CA is seeking undisclosed damages for lost profits and legal costs and is asking the court for an injunction against New Relic prohibiting the infringement of CA Technologies patents and the misuse of the company's intellectual property. CA filed its lawsuit Nov. 5.
The complaint alleges that New Relic, founded by Lew Cirne, a former CA Technologies employee, infringes three important CA Technologies Application Performance Management (APM) patents.
In 2006, CA Technologies acquired Wily Technology, an APM technology company founded and operated by Cirne, for $375 million. As part of the Wily acquisition, CA Technologies took ownership of key APM patents, including the three described in the complaint. Cirne is listed as a co-inventor in two of the three patents. Following the Wily acquisition, he served as a CA Technologies employee until 2007. Cirne then founded New Relic in 2008.
“CA Technologies will not allow its patents to be infringed, especially by those who have already profited by selling to us the very patents in question,” said Richard Donoghue, CA’s chief counsel for litigation, in a statement. “We will vigorously take all steps necessary to ensure that our intellectual property is protected.”
According to its complaint, CA is requesting a jury trial. Among other things, CA is seeking, “A permanent injunction restraining Defendant and its officers, employees, agents, parents, subsidiaries, affiliates, and anyone else in active concert or participation with them, from taking any actions that would directly or indirectly infringe any of the claims of each and every Patent-In-Suit,” the complaint reads.
In a statement in response to the CA suit, Cirne said: "We have not seen any details of the lawsuit and cannot comment at this time. I will say that I'm confident New Relic has conducted business with the utmost integrity.
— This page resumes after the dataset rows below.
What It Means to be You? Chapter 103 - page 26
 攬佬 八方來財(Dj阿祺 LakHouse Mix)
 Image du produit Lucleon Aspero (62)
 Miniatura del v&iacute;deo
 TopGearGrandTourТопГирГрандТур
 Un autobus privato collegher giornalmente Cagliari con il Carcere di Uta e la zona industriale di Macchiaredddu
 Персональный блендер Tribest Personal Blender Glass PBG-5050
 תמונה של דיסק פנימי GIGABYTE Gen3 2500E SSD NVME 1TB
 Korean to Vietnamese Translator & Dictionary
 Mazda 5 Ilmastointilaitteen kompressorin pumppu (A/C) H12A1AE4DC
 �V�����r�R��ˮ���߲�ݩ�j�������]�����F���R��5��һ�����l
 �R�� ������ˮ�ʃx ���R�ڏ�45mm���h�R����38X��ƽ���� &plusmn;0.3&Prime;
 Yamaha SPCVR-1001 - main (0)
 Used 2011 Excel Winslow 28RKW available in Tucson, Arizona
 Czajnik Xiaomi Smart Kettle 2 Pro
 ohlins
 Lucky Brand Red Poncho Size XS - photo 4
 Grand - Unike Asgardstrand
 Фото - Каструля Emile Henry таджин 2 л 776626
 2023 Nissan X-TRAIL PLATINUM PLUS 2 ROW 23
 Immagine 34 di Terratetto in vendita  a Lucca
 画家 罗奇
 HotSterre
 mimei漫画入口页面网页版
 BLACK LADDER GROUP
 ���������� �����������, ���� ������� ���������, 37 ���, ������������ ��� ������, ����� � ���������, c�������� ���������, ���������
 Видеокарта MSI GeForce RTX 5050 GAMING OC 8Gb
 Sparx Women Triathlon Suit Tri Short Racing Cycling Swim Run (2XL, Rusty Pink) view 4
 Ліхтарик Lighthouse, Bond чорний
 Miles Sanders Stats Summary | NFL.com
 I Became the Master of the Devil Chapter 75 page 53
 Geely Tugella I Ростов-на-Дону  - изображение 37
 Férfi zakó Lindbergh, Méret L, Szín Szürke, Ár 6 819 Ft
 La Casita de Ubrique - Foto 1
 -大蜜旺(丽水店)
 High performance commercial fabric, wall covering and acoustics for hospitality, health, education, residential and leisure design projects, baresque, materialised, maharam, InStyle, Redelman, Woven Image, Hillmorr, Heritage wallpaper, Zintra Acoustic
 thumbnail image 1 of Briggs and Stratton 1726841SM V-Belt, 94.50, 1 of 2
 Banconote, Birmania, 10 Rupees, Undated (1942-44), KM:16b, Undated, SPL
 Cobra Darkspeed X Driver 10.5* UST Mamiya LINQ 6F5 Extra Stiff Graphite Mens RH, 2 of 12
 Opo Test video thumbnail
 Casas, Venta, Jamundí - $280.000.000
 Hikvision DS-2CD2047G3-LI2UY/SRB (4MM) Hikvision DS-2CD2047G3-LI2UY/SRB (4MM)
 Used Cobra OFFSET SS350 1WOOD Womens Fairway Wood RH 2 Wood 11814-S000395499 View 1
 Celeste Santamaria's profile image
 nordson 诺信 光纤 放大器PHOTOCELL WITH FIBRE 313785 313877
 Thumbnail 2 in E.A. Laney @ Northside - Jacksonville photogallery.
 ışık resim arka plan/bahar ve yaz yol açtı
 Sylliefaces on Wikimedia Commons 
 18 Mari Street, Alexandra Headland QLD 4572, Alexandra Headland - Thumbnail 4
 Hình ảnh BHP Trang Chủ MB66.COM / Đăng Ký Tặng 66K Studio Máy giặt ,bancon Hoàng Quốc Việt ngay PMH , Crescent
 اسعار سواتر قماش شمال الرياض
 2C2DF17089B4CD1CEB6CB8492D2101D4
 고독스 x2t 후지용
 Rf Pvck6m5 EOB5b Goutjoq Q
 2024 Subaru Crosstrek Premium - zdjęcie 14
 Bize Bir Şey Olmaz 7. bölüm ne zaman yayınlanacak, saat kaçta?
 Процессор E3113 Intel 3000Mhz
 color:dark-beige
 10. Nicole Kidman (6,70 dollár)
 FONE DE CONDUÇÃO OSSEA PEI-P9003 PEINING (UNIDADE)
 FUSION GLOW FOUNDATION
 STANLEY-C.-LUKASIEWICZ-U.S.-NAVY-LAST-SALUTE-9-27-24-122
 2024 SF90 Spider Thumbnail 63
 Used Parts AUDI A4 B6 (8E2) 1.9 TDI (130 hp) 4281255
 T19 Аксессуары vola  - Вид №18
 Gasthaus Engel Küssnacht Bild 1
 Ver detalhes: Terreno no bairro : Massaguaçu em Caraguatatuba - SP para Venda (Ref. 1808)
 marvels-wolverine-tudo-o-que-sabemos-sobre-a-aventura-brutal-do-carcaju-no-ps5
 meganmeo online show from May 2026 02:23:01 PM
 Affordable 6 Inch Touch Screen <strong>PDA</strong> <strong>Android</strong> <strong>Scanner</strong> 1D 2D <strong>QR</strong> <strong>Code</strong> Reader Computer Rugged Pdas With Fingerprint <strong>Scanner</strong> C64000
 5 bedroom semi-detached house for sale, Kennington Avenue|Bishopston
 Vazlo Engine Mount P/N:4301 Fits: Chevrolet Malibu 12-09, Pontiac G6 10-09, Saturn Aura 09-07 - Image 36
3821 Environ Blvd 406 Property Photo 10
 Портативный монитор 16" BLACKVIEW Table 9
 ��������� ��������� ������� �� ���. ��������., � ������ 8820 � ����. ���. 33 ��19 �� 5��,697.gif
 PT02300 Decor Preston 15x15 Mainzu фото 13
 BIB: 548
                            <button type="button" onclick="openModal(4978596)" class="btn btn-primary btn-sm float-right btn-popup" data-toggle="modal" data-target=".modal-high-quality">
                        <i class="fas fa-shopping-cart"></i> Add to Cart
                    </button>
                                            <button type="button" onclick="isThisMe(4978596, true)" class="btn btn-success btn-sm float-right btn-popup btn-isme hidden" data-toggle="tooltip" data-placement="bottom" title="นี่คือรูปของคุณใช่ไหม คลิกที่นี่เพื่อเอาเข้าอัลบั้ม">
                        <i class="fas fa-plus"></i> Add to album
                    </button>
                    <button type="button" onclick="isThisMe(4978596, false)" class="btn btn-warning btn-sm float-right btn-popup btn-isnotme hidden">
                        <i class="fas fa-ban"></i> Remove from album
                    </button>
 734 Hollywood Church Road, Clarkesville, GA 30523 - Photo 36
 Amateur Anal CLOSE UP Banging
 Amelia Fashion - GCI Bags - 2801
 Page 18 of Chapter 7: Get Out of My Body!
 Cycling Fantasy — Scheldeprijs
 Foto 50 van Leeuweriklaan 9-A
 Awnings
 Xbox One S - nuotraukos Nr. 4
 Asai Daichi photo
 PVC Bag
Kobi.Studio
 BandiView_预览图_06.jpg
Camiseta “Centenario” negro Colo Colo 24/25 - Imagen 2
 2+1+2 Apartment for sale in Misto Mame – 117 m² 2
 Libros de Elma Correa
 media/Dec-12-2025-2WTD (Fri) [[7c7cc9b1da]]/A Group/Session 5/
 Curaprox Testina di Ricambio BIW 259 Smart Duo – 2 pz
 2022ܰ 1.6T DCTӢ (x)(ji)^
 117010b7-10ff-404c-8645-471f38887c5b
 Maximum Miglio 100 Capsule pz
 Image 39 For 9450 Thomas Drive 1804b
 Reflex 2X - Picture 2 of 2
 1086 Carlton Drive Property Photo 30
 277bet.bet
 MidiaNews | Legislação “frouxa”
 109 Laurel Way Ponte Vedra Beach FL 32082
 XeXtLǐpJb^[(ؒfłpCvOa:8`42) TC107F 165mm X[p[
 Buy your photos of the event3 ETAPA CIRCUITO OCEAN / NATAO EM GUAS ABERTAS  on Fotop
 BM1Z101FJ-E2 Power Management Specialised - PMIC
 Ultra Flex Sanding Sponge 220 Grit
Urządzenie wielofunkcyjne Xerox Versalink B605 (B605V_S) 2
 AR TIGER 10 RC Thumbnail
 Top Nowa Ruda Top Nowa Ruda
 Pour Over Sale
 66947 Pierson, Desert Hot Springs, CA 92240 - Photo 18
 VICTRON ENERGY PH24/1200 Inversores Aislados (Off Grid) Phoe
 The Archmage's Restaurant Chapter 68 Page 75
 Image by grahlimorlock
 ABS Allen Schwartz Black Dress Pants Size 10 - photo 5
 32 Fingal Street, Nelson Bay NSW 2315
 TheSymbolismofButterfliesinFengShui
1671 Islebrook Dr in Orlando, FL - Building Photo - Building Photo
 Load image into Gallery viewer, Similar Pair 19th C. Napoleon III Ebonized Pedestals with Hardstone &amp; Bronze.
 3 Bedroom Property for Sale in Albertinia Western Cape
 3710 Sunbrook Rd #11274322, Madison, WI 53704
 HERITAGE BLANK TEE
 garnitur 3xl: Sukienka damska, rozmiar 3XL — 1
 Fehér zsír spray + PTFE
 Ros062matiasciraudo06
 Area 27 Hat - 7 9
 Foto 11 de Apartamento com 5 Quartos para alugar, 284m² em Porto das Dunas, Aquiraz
We will continue to do so as we build a software solution that is fast becoming a standard in the industry for its Web application performance analytics that deliver immediate value at a fraction of the price charged by traditional vendors."
Jean-Pierre Garbani, an analyst with Forrester Research, gets to the heart of APM and why the core technology behind a vendor’s solution is worth fighting for.
“APM in its most restrictive sense is about monitoring Java EE [Enterprise Edition] applications by instrumenting the bytecode,” Garbani said. “The secret sauce is really how you do this, how you collect and then analyze the data collected. This is critical because it adds overhead to the application itself and makes the APM product suitable [or not] to run in production. This APM monitoring is also a central platform that allows you to monitor the in and out traffic of the application—again this would translate into overhead. The way the data is collected by the use of JMX [Java Management Extensions]—the external agent, then analyzed and reported has also a strong influence on how fast problems can be detected and identified, and eventually on the overall efficiency of the solution.”